Pictures with short captions
○ ○ ○ ○
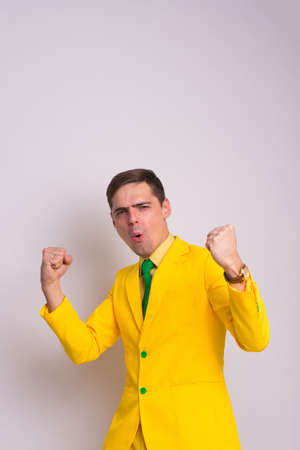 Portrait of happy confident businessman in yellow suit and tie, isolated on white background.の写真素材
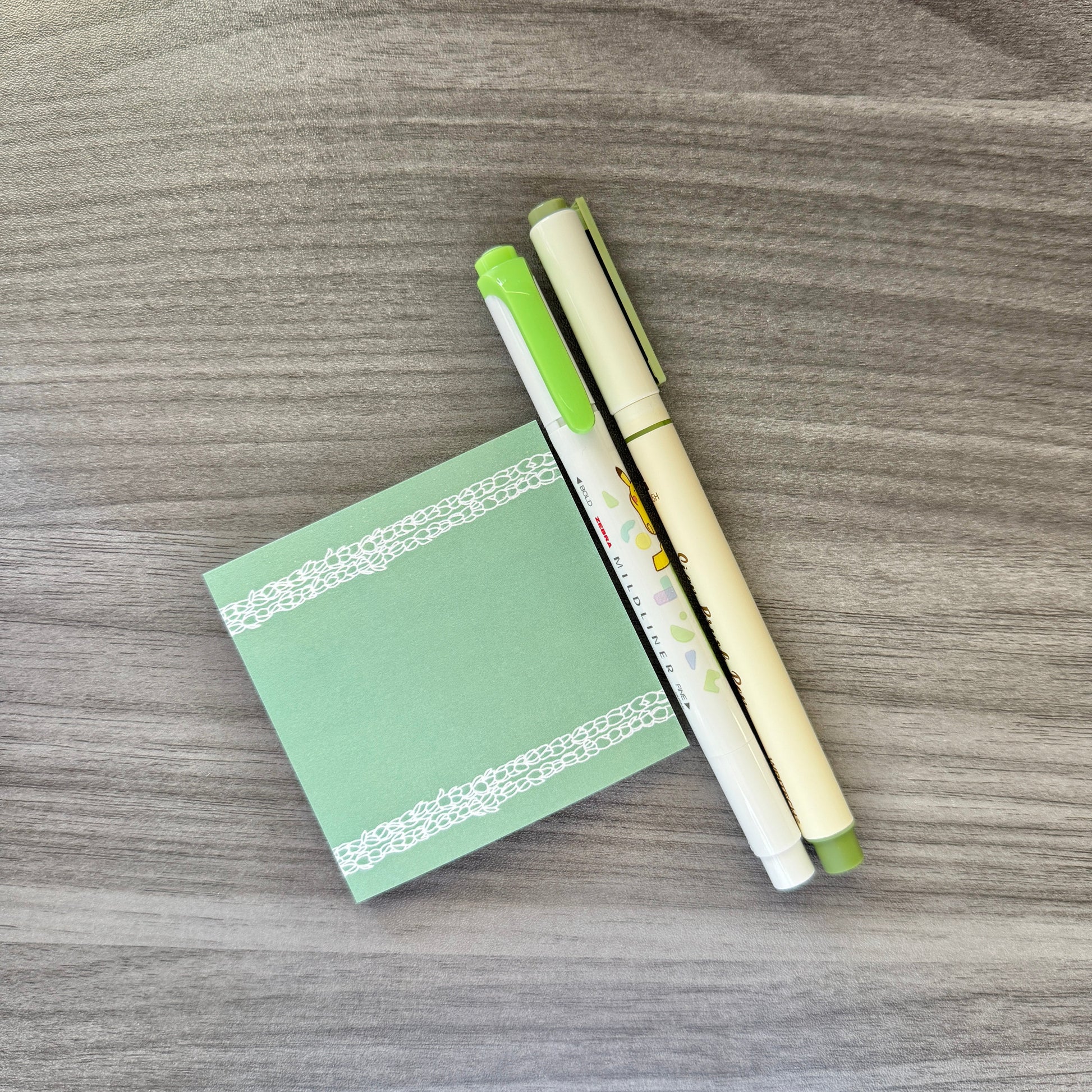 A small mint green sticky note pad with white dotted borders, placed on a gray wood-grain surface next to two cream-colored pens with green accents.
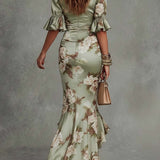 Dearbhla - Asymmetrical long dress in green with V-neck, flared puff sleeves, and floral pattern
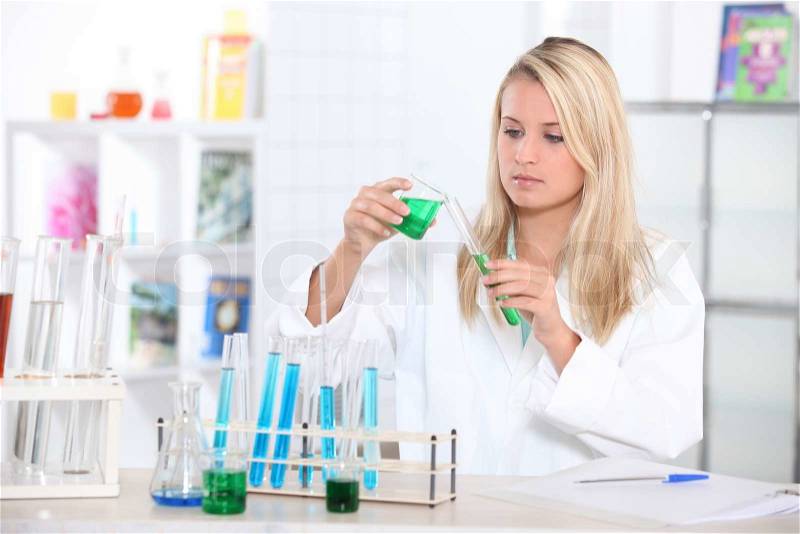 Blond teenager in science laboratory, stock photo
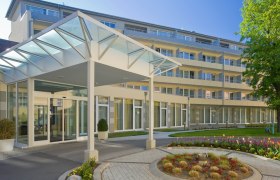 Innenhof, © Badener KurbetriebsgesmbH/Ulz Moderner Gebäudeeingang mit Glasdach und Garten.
○ ○ ○ ○
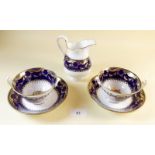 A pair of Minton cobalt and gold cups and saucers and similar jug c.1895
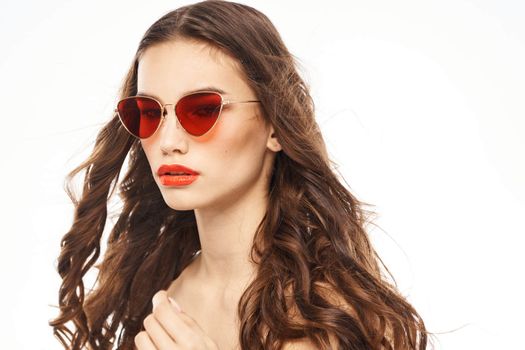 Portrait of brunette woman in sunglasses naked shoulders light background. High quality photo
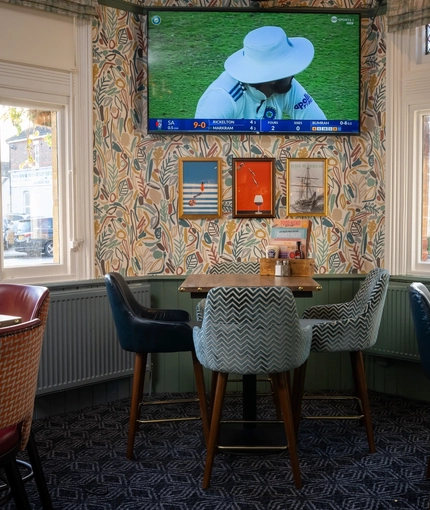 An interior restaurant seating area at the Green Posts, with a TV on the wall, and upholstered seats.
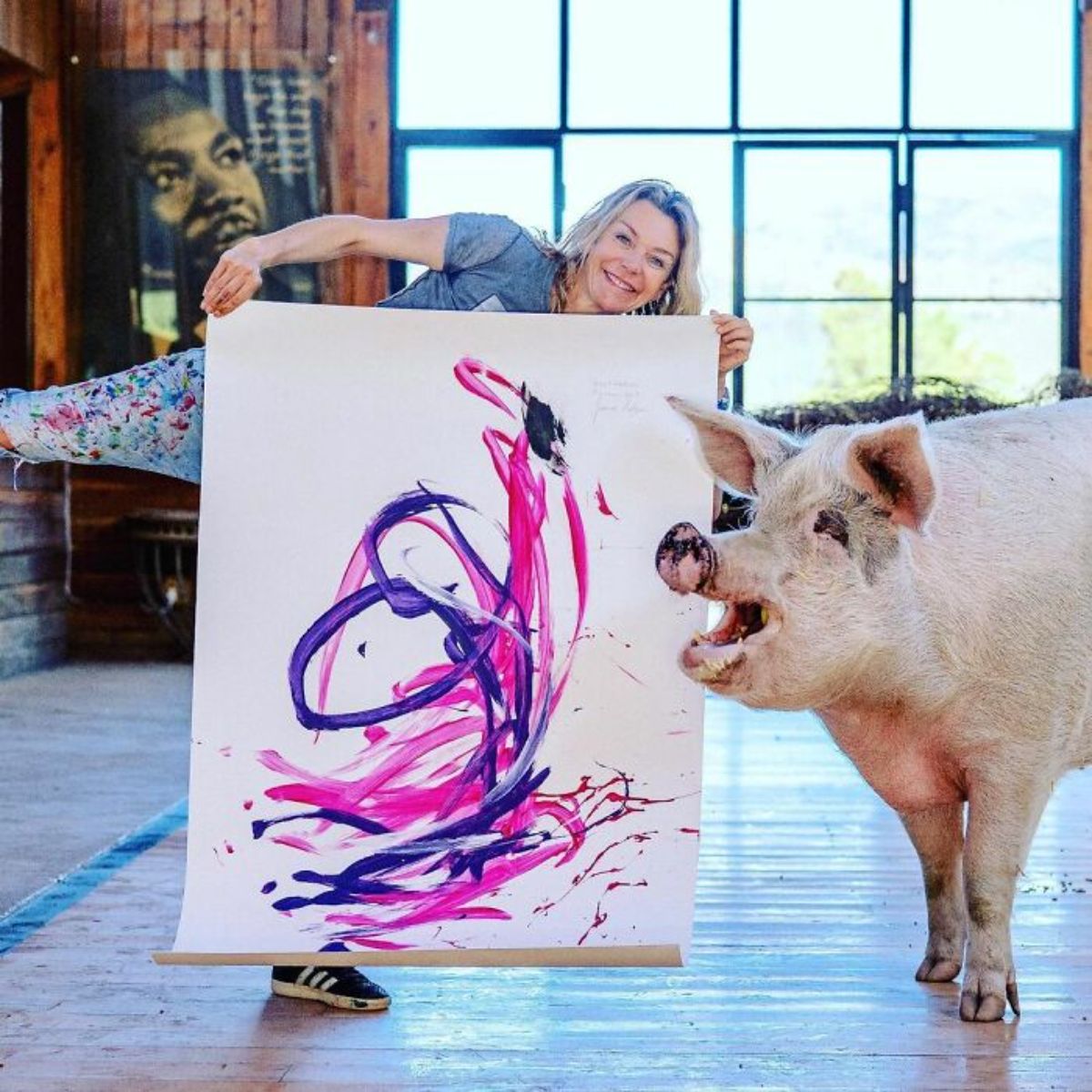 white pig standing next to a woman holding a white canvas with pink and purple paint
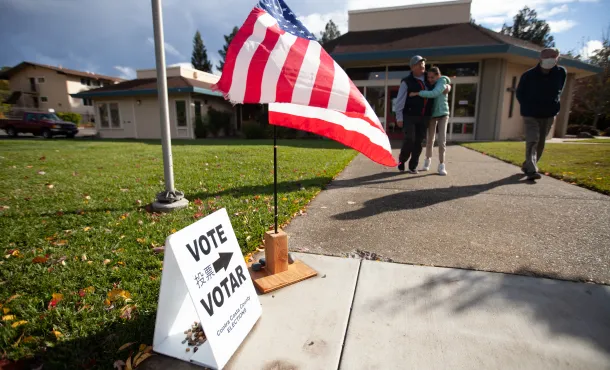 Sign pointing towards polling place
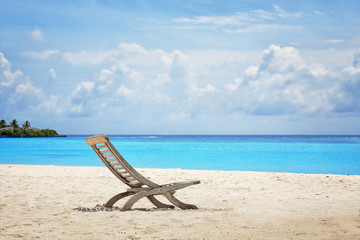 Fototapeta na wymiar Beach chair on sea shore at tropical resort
○ ○ ○ ○
Exercise prompt
Look above and copy only the lines from the one holding "Portrait of happy" to the one holding "Dearbhla - Asymmetrical", both included, exactly, minus the pictures.

Response
 Portrait of happy confident businessman in yellow suit and tie, isolated on white background.の写真素材
 A small mint green sticky note pad with white dotted borders, placed on a gray wood-grain surface next to two cream-colored pens with green accents.
 Dearbhla - Asymmetrical long dress in green with V-neck, flared puff sleeves, and floral pattern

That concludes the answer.